It little profits that an idle king, By this still hearth, among these barren crags, Match'd with an aged wife, I mete and dole Unequal laws unto a savage race, That hoard, and sleep, and feed, and know not me.
The poem begins by telling us that a king gains nothing from just sitting around by the fire with his wife and making laws for people who don't even know him.
The speaker at first seems at to be some kind of observer or impersonal figure who knows a lot about how to be a king, but in line 3 we learn that the king himself, Ulysses, is speaking.
The phrase "it little profits" is another way of saying, "it is useless" or "it isn't beneficial."
"Mete" means "to allot" or "measure out." Here it refers to the king's allotment of rewards and punishments to his subjects.
"Unequal" doesn't mean that the rewards and punishments are unjust or unfair, but rather variable.
"Match'd" doesn't refer to a tennis match or other sporting event; it means something like "paired" or "partnered with."
Ulysses' subjects are presented to us as a large group of drones who do nothing but eat and sleep.
I cannot rest from travel: I will drink Life to the lees: all times I have enjoyed Greatly, have suffered greatly, both with those That loved me, and alone; on shore, and when Through scudding drifts the rainy Hyades Vexed the dim sea:
After his moralistic opening, Ulysses tells us more about why sitting around doling out rewards and punishments bores him.
We learn that he is a restless spirit who doesn't want to take a break from roaming the ocean in search of adventure.
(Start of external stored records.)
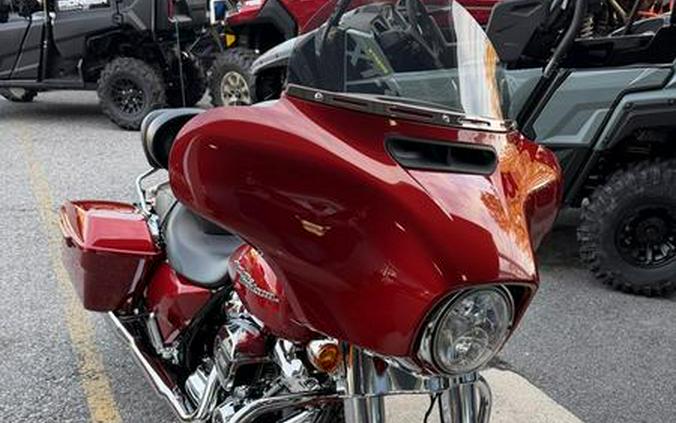 2019 Harley-Davidson® FLHX - Street Glide®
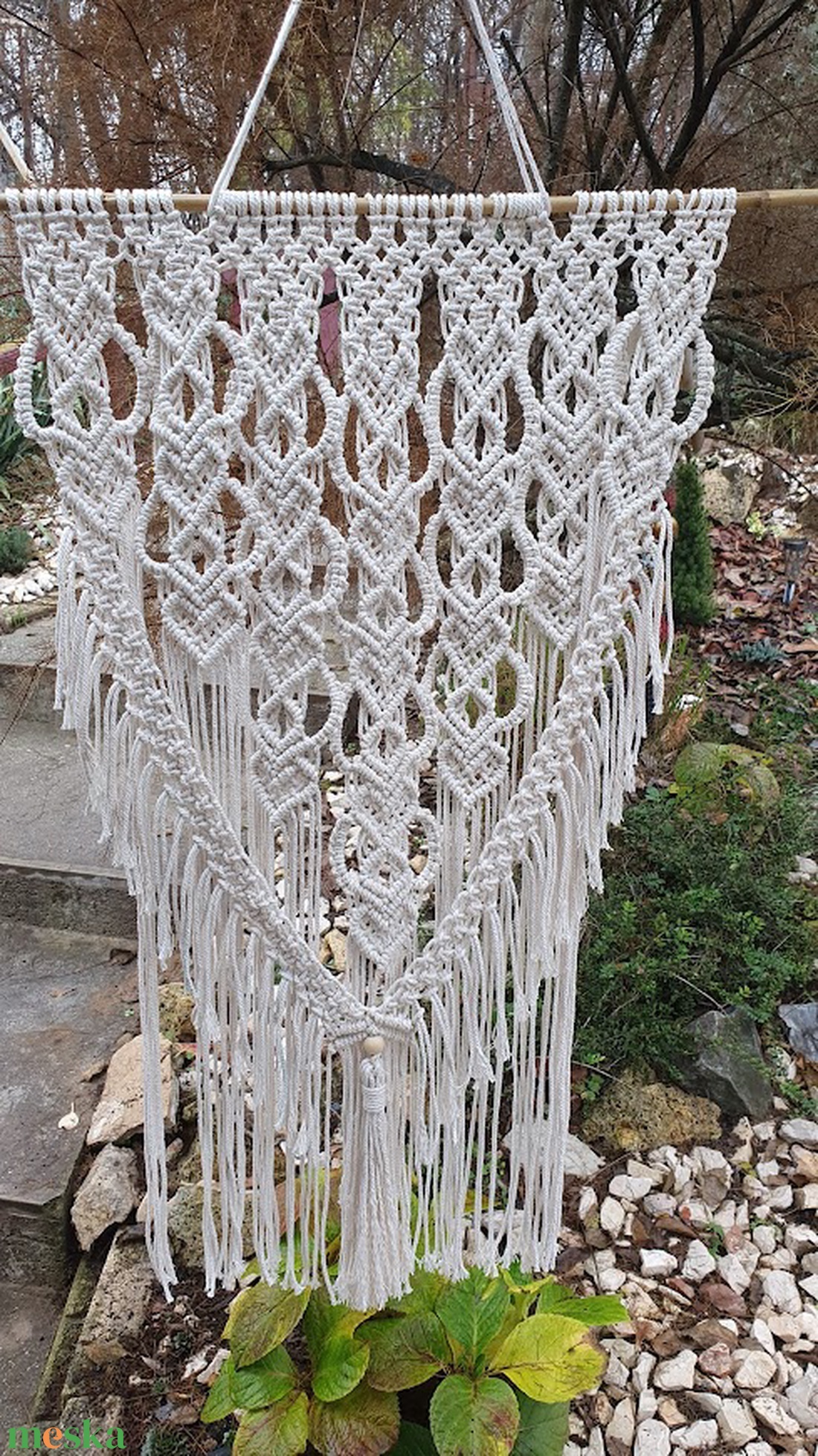 Makramé fali dekoráció 57 x 100 cm DZSAMILLA - otthon & életmód - dekoráció - fali és függő dekoráció - falra akasztható dekor - Meska.hu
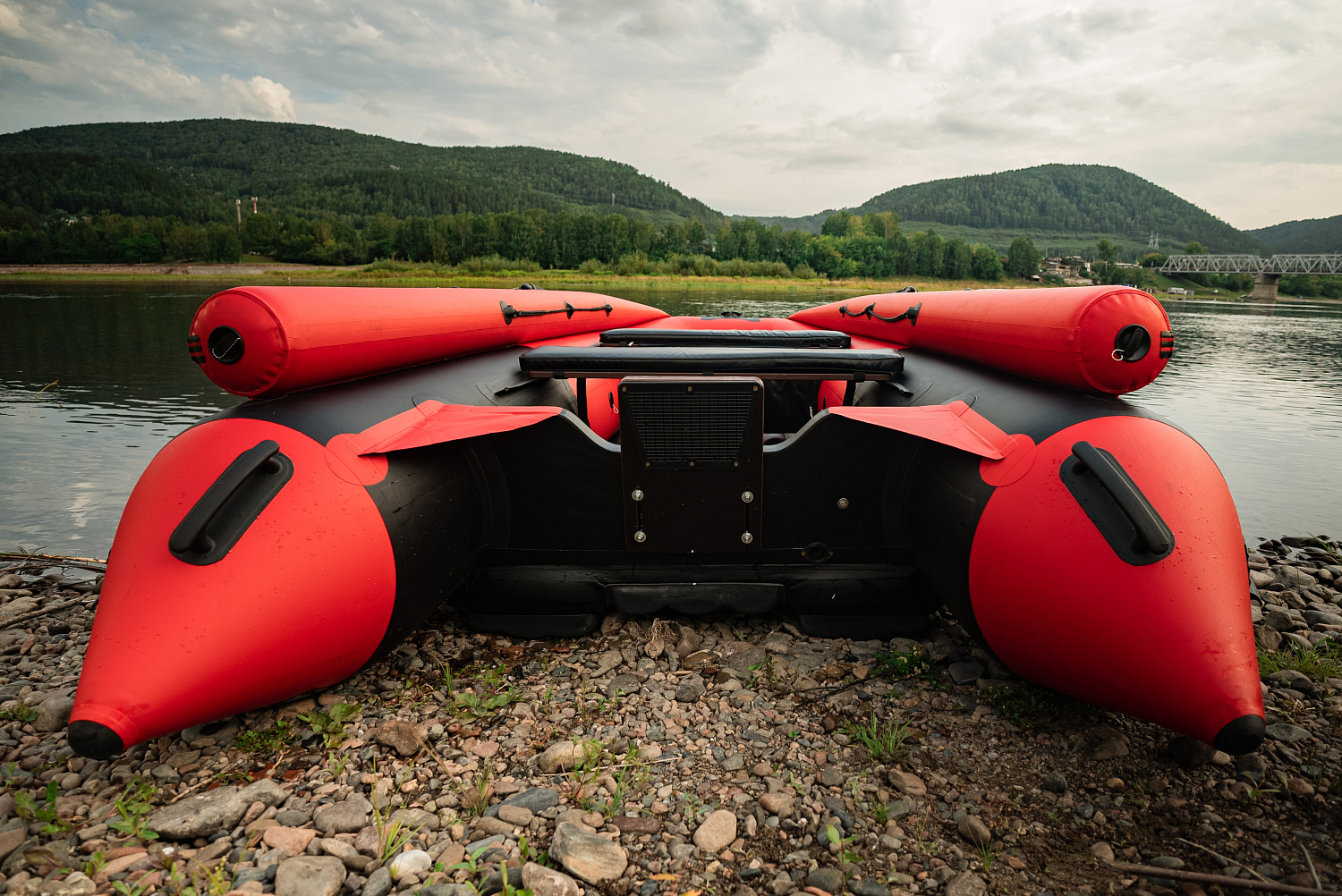 Лодка MISHIMO RIVER FJET PRO 410  под водомет в Краснодаре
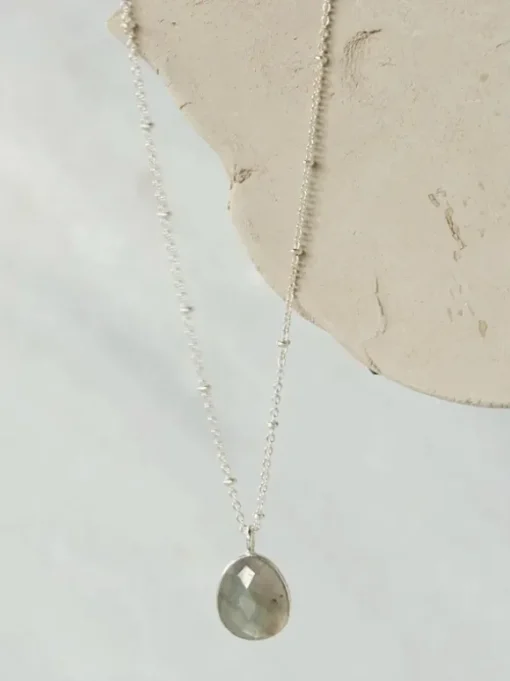 Adoration Labradorite SP kaulakoru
He will not let life pass him by.
The word "lees" originally referred to the sediment accumulated at the bottom of a bottle of wine; to "drink life to the lees" means to drink to the very last drop. Nowadays we might say something like "live life to the fullest."
Ulysses tells us that he has had a lot of good times and a lot of bad times, sometimes with his best friends, and sometimes alone, both on dry land and while sailing through potentially destructive storms.
"Scudding drifts" are pounding showers of rain that one might encounter at sea during a storm or while crab fishing off the coast of Alaska.
The "Hyades" are a group of stars in the constellation Taurus often associated with rain; their rising in the sky generally coincides with the rainy season. Here they are presented as agitators of the ocean.